After a month his condition hadn’t improved. Lord Sauber had come to speak with his father on matters of state, but also to see young Jakob to see if he couldn’t lift his spirits. Before dinner could even be served Jakob had been weaving between the servants in the main hall when he felt a small cough coming. One cough turned to two, then three and four, and before he knew it he’d crumpled to his knees coughing blood out next to the Graf’s dinner chair. He couldn’t breathe, his chest seizing, the coughs refusing to stop until everything went black.
Needless to say, dinner had been canceled, and despite his protestations to the contrary Jakob knew it was his fault. If he’d just been…better? Stronger? Maybe then he wouldn’t have embarrassed his parents so much, caused such a fuss. And now they’d gone and called up some village Lurihim while they waited for one of the Sisters of Sorrow to arrive as his new personal doctor.
Father Tycho’s hand fell on his shoulder and gave it a soft squeeze.
“It’s alright my boy,” he said in that way elders did when they were trying to protect your feelings.
“You’ve got a demon latched onto your lungs something fierce.

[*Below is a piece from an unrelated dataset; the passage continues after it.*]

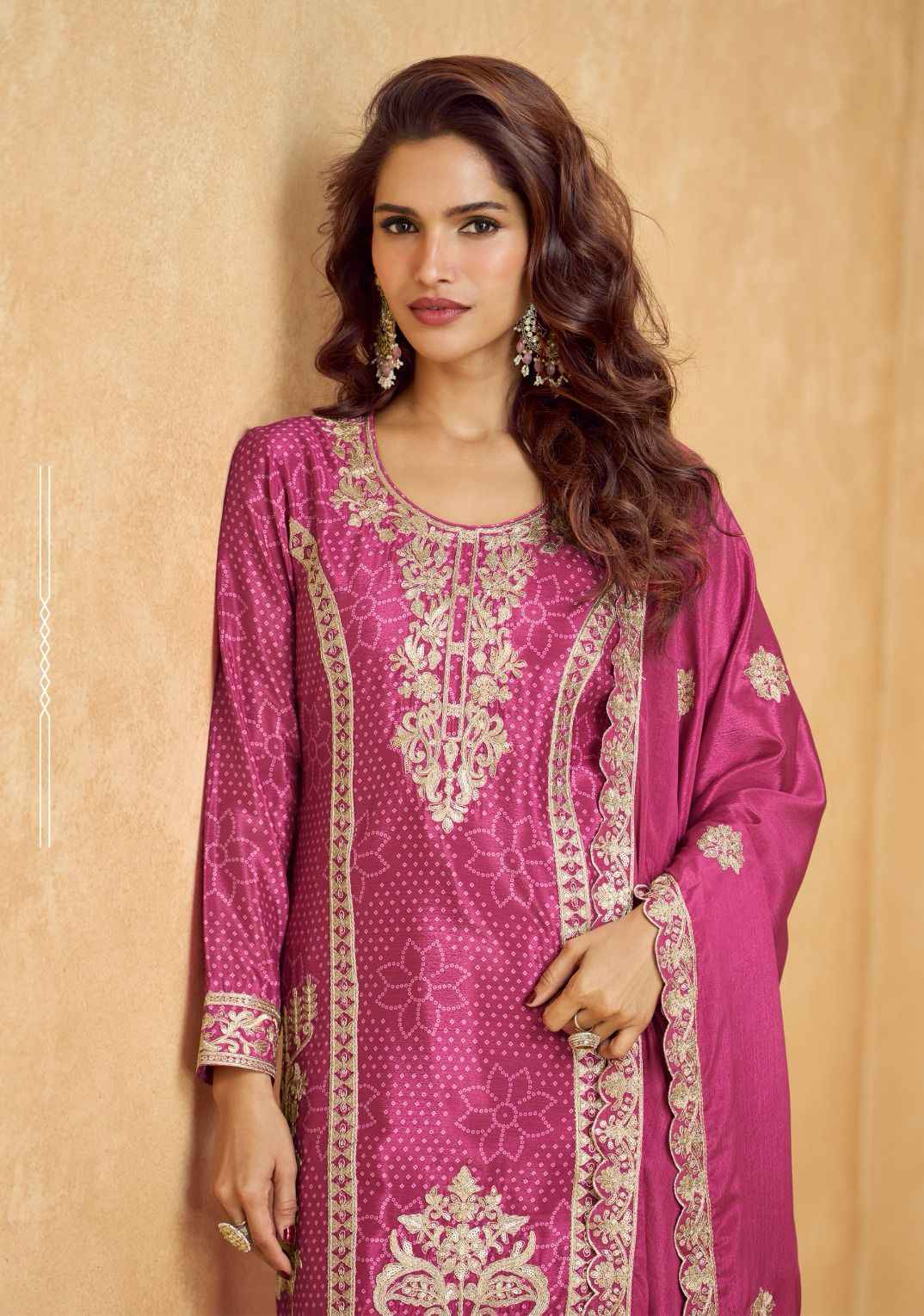 Aashirwad Creation Tanvi Readymade Chinon Silk Dress (4 pcs Catalogue)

Too much of the phlegmatic humors, not enough of the sanguine. It’s alright, my boy, we’ll get you sorted out just right. If I can’t cast out the demon, the next one will, else Lurien will call you back to God, and you won’t have to worry about pain any more.”
There was some comfort in that, at least. Worse than the embarrassment was the pain, but he was a big boy now and had to grit his teeth against the tears whenever the coughing finally stopped. He hated the demon inside him, torturing him, ripping him up from the inside. He’d do anything to be rid of it, even read one of those big books his tutor had that had all the words in it that made his eyes hurt. He’d read it all the way through and not complain if it meant the demon would go away.
If only it were that easy.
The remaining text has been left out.